The people who have lived there for thousands of years obtained through a hard struggle in 1979 the reappropriation of some 3,500 km2 of land on which their territory extends, in particular thanks to the commitment of Aboriginal women. It was they who were introduced to the art of batik on silk before men in the mid-1970s. This first use of a medium from another culture allowed them to begin to represent the major themes of sacred feminine ceremonies which are based on the representation of flora: yams, seeds and fruits that they find on their territory. When they began to paint, it was quite natural that they continued to magnify the theme of fertility. Contrary to what one might believe, although being semi-nomadic, the aboriginal people did not just move around to find food, they planted seeds themselves to facilitate the growth of edible plants. With this painting, Elizabeth Kunoth transcribes the sowing of the earth when women throw into the wind the seeds of a local species of yam which allows them to ensure their subsistence in the dry season. The thousands of carefully placed dots of different colors symbolize the movement of the seeds pushed by the wind and their sparkle under the rays of the sun.

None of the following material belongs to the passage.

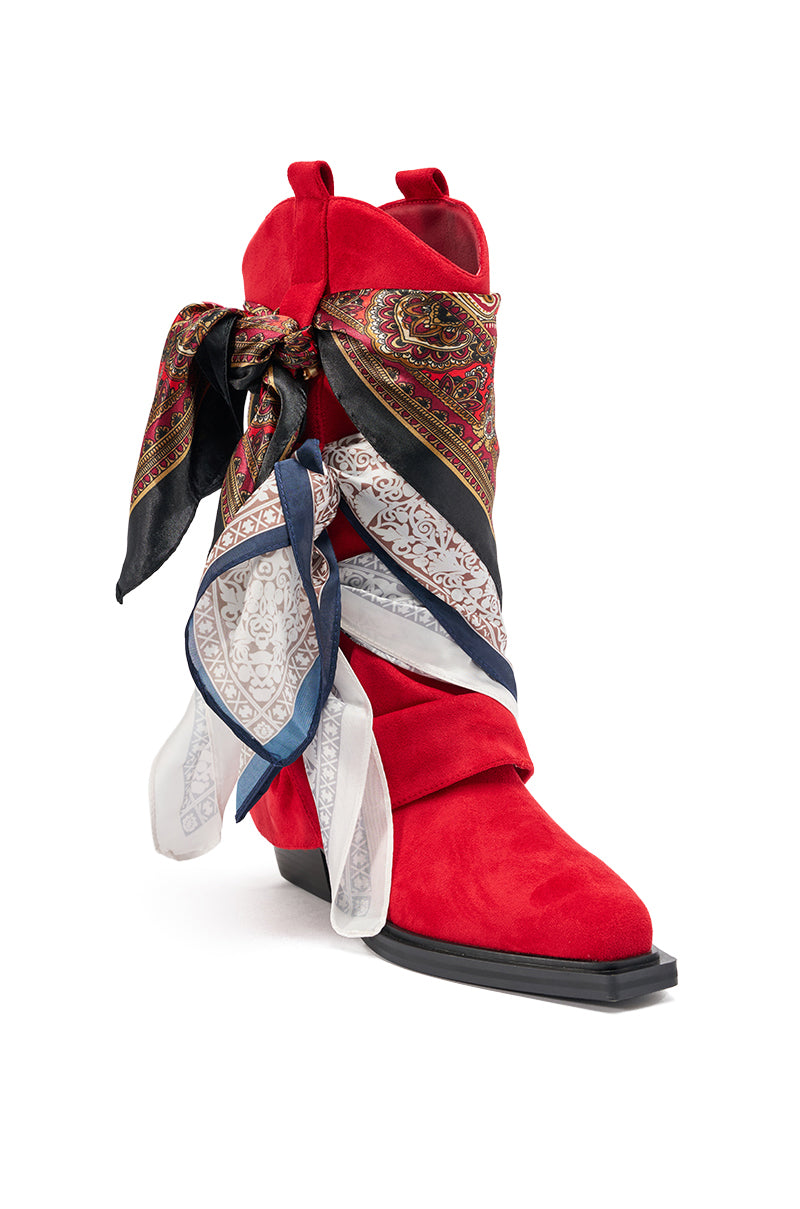 The AZALEA WANG COBALT RED FAUX SUEDE SCARF EMBELLISHED WESTERN BOOTIE features a pointed toe, square heel, and is adorned with colorful patterned silk scarves tied in a bold bow on the side. 5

She uses color to represent which yam seeds and leaves have dried and which are still soft. Yam is a tuber that is cooked over a wood fire. It has both nutritional value and spiritual significance. Elizabeth Kunoth stretches each point to give them an orientation. She also superimposes them in order to give a feeling of relief to her canvas. She thus establishes an optical dimension for the spectator who looks at her work.

Her works are also symbolic maps of her territory seen from the sky on which she decided to cover with droplets the paths taken by the ancestors of her people in order not to reveal sacred routes to the uninitiated that we are.

Elizabeth was a finalist in the 2013 Blake Prize, a finalist in the Art Gallery of New South Wales Wynne Prize for landscape painting in 2008 and 2010, and in 2008 she won the coveted Churchie Award.